「紙の『じゃらん』ってまだあったのか…」かつては“一強”状態だった旅行情報誌がついに休刊…それでも「遅すぎた」と言わざるをえないワケ
1990年代から2000年代までの『じゃらん』は日本全国の宿泊施設をクライアントに持ち、前述したライバル誌・JTBの『るるぶじゃぱん』を寄せ付けない一強状態。 各地の宿泊施設で話を聞くと、判で押したように「『じゃらん』に頼るしかない」という言葉が返ってくるくらいでした。先駆者としてのアドバンテージだけでなく、提案、クロージング、足を使った努力などの営業力が優れていたのは間違いないでしょう。 宿泊施設の予約は2000年にスタートした「じゃらんnet」に引き継がれていくようです(ちなみにJTBの「るるぶ.com」は2001年スタート。2019年に終了しましたが、「るるぶ+」など別サイトに移管)。

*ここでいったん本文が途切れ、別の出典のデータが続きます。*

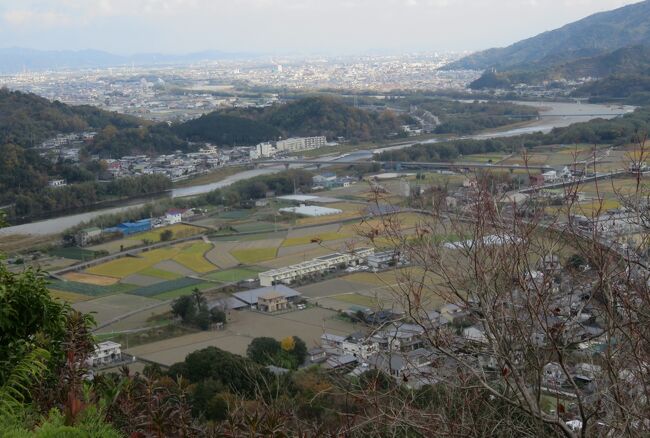 徳島県の続日本百名城の一宮城の主要6曲輪の虎口は、平入りで、枡形や喰違のような虎口は見当たりません。枡形は近世城郭になって急速に発達しましたので、一宮城はそれより年代が遡るようです。また、一宮城からは瓦は出土していません。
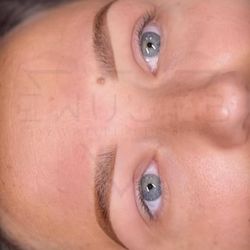 Eye Woke Up Like This Brows - Soft powder shading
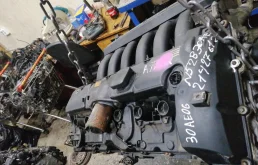 Двигатель без навесного для BMW 1er 2006 года на фотографиях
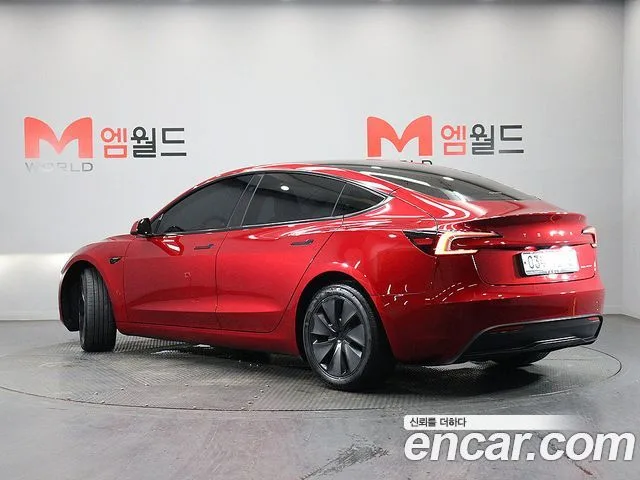 2024 Tesla Model 3, foto 3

しかし、関係者や読者の効率性が上がった一方で、「営業担当者と宿泊施設との関係性が以前よりドライになった」という話をたびたび聞くなど、「すべてがよくなった」というわけではないのでしょう。 ■今も収益を上げる「旅行関連本」 では、「旅行関連本のビジネスがまったく通用しないか」と言えば、まだ「YES」とは言い切れないところもあります。 たとえば、現在の旅行関連本はビジュアル重視のものが主流。デジタルではなく紙で見ることを楽しめたり、部屋に飾っておきたくなったりするような美しい写真をベースにデザインされたもので販売につなげています。
これは「やっぱり紙の本もいいな」「ここに行ってこういう写真を撮ってみたい」などと思わせる本なら売れるかもしれないということでしょう。 また、もともと『じゃらん』のような広告メインではなく、情報メインのムック本が強みだったJTBは2011年に自治体発行の公式パンフレットを作成する「カスタム出版(るるぶ特別編集)」という事業をスタート。 『るるぶ』ブランドを貸したタイアップ本を手がけるビジネスであり、対象を企業や学校などにも広げつつ貴重な収入源となっています。